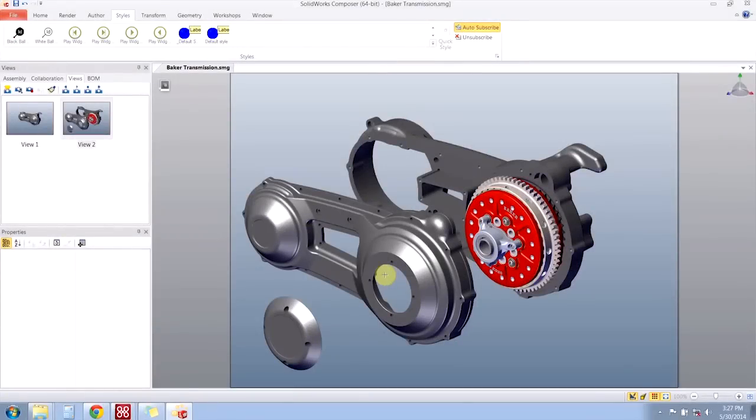Hi, my name is Hunter and I'm an Applications Engineer here with Hawkridge Systems and today we're going to be talking about how you can create styles in SOLIDWORKS Composer in order to create more consistent visual output.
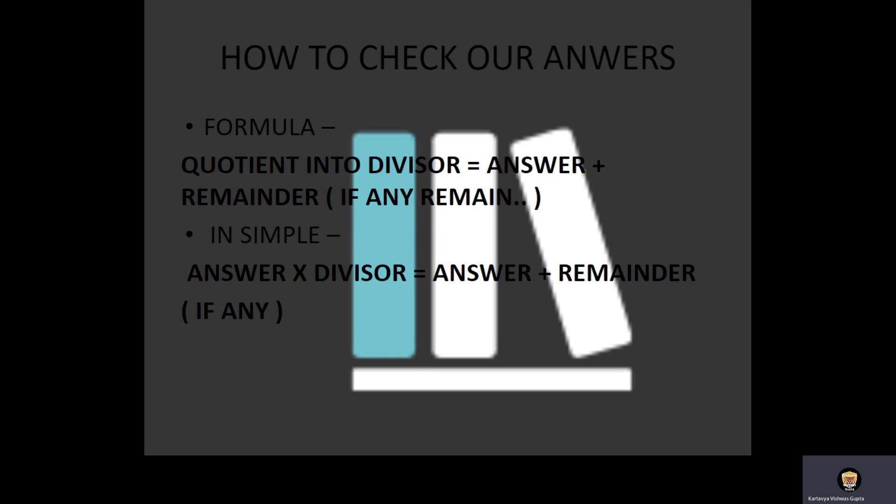In simple terms, we say: answer multiplied by divisor equals answer plus remainder, if any.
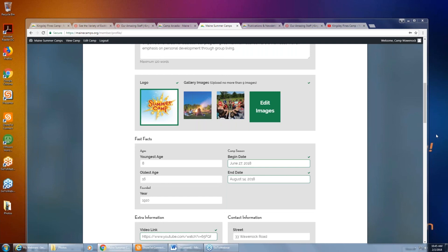Someone asked whether the nine images include the logo. The logo is actually a tenth image — so you can have nine gallery images plus also have a logo, for a total of ten images.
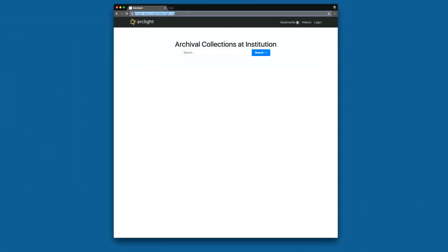Kind of within the continuous deployment, we've also added EAD validation for our fixture objects to make sure that we're indexing valid EADs.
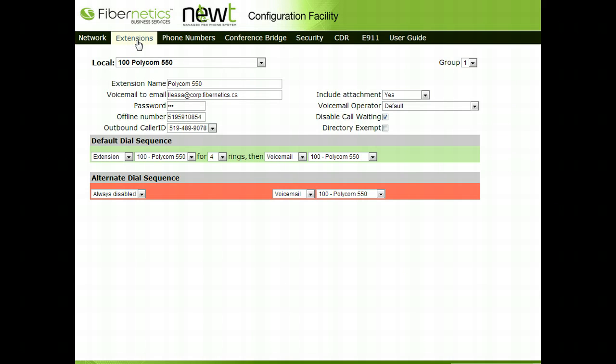The Extensions tab will allow the administrator to set up the way each particular extension's call flows should someone call and select that extension.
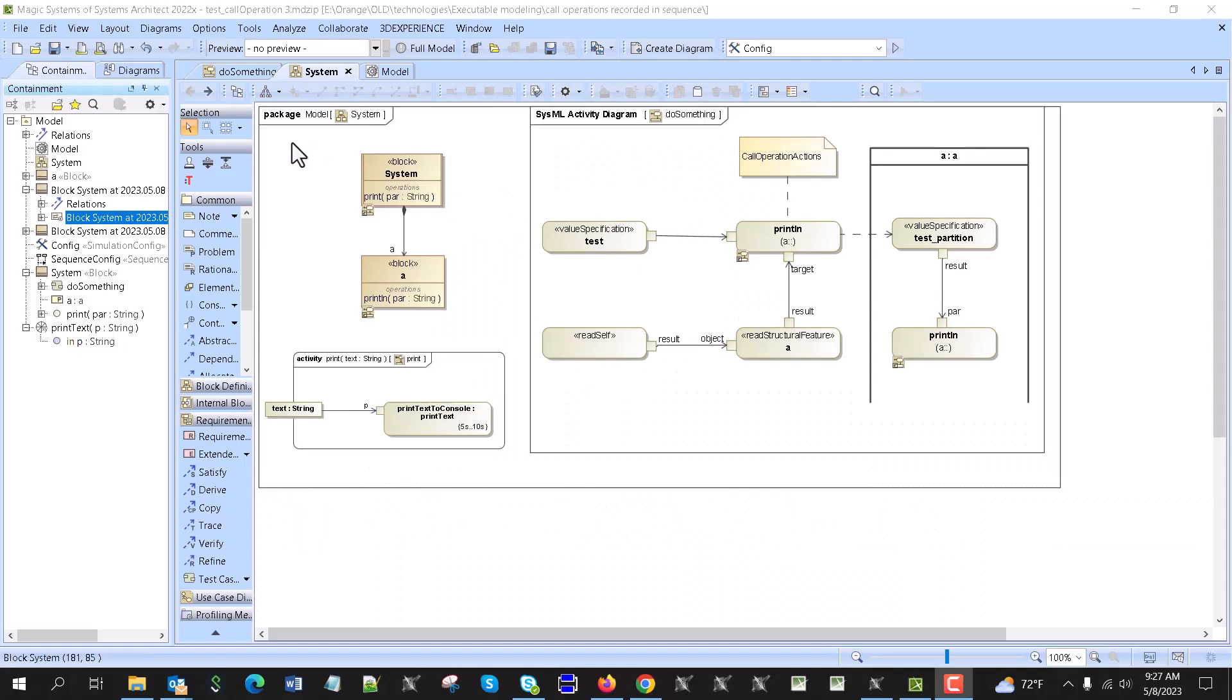Hello, in this video we will demonstrate how to record collaboration actions in sequence diagrams. Those who know simulation toolkit know that sequence diagram generator allows you to record execution trace. Most common things to have are like state machines communicating through ports, and then you can record send signal actions, state change, property change, and time events.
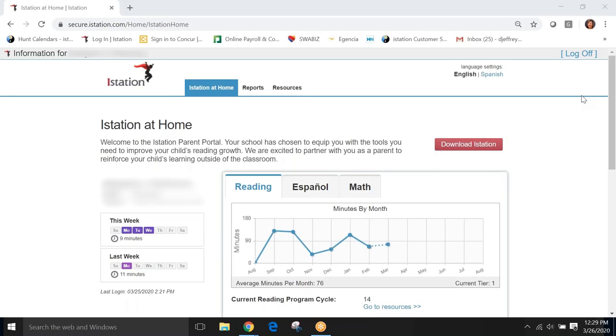Welcome to this tutorial on iStation's Parent Portal. Our Parent Portal was designed to equip parents with information about how their child is performing on our monthly assessment and resources to help support your child with home learning.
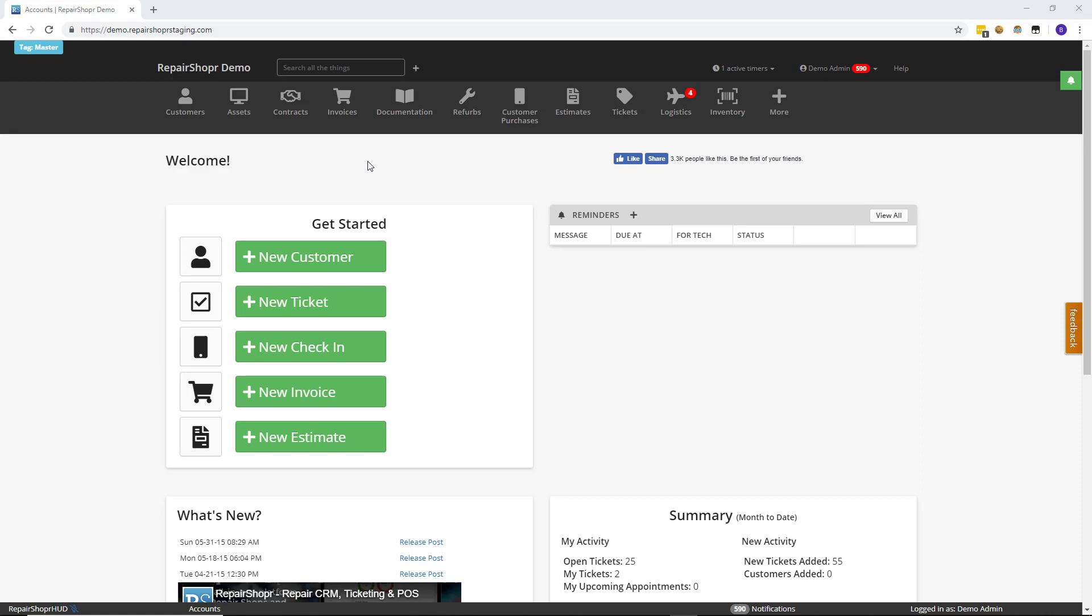This week we're going to talk about something that's been in the works for a while but is just now ready for the public to see. So let's talk about the ticket dashboard and real quick for those of you that don't know what I'm talking about.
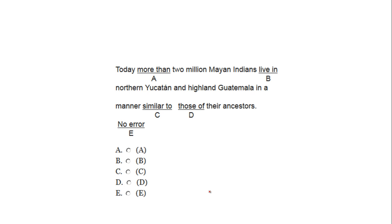Today, more than two million Mayan Indians live in northern Yucatan and highland Guatemala in a manner similar to those of their ancestors.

━━━━━━━━━━━━━━━━

● Aim of the exercise: Take each line from the records and copy it unchanged, leaving images out.

● Task result:
Hi, my name is Hunter and I'm an Applications Engineer here with Hawkridge Systems and today we're going to be talking about how you can create styles in SOLIDWORKS Composer in order to create more consistent visual output.
In simple terms, we say: answer multiplied by divisor equals answer plus remainder, if any.
Someone asked whether the nine images include the logo. The logo is actually a tenth image — so you can have nine gallery images plus also have a logo, for a total of ten images.
Kind of within the continuous deployment, we've also added EAD validation for our fixture objects to make sure that we're indexing valid EADs.
The Extensions tab will allow the administrator to set up the way each particular extension's call flows should someone call and select that extension.
Hello, in this video we will demonstrate how to record collaboration actions in sequence diagrams. Those who know simulation toolkit know that sequence diagram generator allows you to record execution trace. Most common things to have are like state machines communicating through ports, and then you can record send signal actions, state change, property change, and time events.
Welcome to this tutorial on iStation's Parent Portal. Our Parent Portal was designed to equip parents with information about how their child is performing on our monthly assessment and resources to help support your child with home learning.
This week we're going to talk about something that's been in the works for a while but is just now ready for the public to see. So let's talk about the ticket dashboard and real quick for those of you that don't know what I'm talking about.
Today, more than two million Mayan Indians live in northern Yucatan and highland Guatemala in a manner similar to those of their ancestors.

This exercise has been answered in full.